# Desperate for advice



## Precious (Jul 16, 2008)

I'm new at this and I'm not sure where to begin. I discovered four months ago that my husband was in the beginning stages of an affair. I found text messages and phone calls on the phone bill (hundreds in a five week period of time). I confronted him and he said that nothing physical had happened yet. He knew that what he was doing was unacceptable in our marriage. He told me that he loves me but he is not in love with me. He said that he did not want a divorce. Two weeks after I found the text messages and he was going to cut all contact with this person I found emails where he was telling her how beautiful she was, he missed her and her beautiful smile, he wanted her so bad it hurt. This has been devastating he has been married twice before me and he has NEVER done anything like this, he has always been the one getting hurt. This just isn't his personality. I felt that things weren't right between us and would try to talk about it. He said he just didn't have to have sex. He was forty and he can just do without it now. I have tried everything to get his attention, texting and emailing during the day, notes, lingerie, gifts and etc. He has never refused sex but he will not initiate it. He will not show affection in public. He never compliments me on ANYTHING. When I bring it up he agrees he doesn't do these things and he should but it doesn't change. He vows that he loves me and this is where he wants to be. Please help!


----------



## 827Aug (Apr 27, 2008)

I really don't know what advice I can offer, but it sounds as though you've really been a supportive wife. My husband, too, got wierd when he turned 40. His behavior started out much like your husbands and just got worse. He's now 43 and moved out 3 months ago--he may as well just live on another planet. He says he still loves me but not in love with me. Perhaps you should try couple's counseling; we should have gone before our problem got soooo bad.

Hang in there!


----------



## draconis (Oct 3, 2007)

It seems to me that he is telling you what you want to hear, and what you need to hear for him to stay with you. There is no reason he should be keeping this up or treating you this bad. His emotional affair is causing the rift in your marriage. He needs to make a clear choice.

draconis


----------



## cao428 (Jun 26, 2008)

Hi Precious,

Maybe you shouldn't be trying so hard and make him think about the fact he might lose you?

I have been doing much research on men and how they view their wives and how these affairs happen. What I have been reading is that the more we are wonderful, loving and nurturing, and do everything for our mates, sometimes the more we push them away because we are too available. Is it because man loves the conquest, the challenge to make him feel good about himself? At least this seems to be a part of it.

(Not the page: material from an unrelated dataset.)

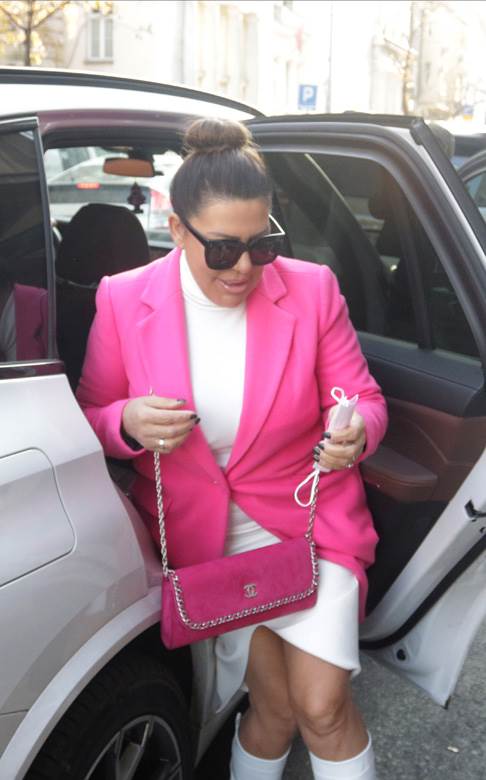 Snajka ljuta na Đanija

deconis, am I off on this? Maybe it depends on the type of man.:scratchhead:

Maybe too much like mother...I am exploring this for my own marriage. Have I been too nice?


----------



## Precious (Jul 16, 2008)

We have gone to counseling. He is very open and affectionat while we are there. I've discussed separation and it wouldn't be difficult as we own two houses, he just says that if we're going to work it out we need to stay together. I interprete (sp?) that as if I leave he would be ok with that and wouldn't put anymore effort into our saving our marriage. I'm not certain but I feel that he should have to win me back (even though I'm hopelessly in love with him). I think I just want to prove to myself that he will or will not go out of his way to fight for me. Will he miss me? Will he need me? Cao428, your right in six years of marriage he has never heard the word no from me. What ever he wants it happens. He has never went out of his way to surprise me. If we go out I plan it. If we go on a trip I do it. I surprise him with event tickets and weekend trips at least once a year. He is a wonderful father and provider for our home. He takes care of the house and vehicles. He just doesn't put any effort into the marriage relationship and this has become very important to me. I had decided to just live with it and accept that it just wasn't his nature but then I find that all the thing I want and desire he is doing for someone else. It really has become a problem with me. I have memorized emails that he sent to her and things that he said to her and I can not get it out of my head. I have never been a jealous person and before I found out what was going on the two of us actually had a conversation once about this person being "hot". He actually looked me in the face and told me she was hot! Which at the time didn't mean anything to me because I just thought it's ok for people to look. I never dreamed he was beginning to have a relationship with her. Now, four months after discovering this, I'm getting angry and I feel myself withdrawing from my marriage. I love him more than anything but I want him to hurt. I want HIM to have to fight for our marriage but deep down I know he won't. I know that if we seperate now it will be over.


----------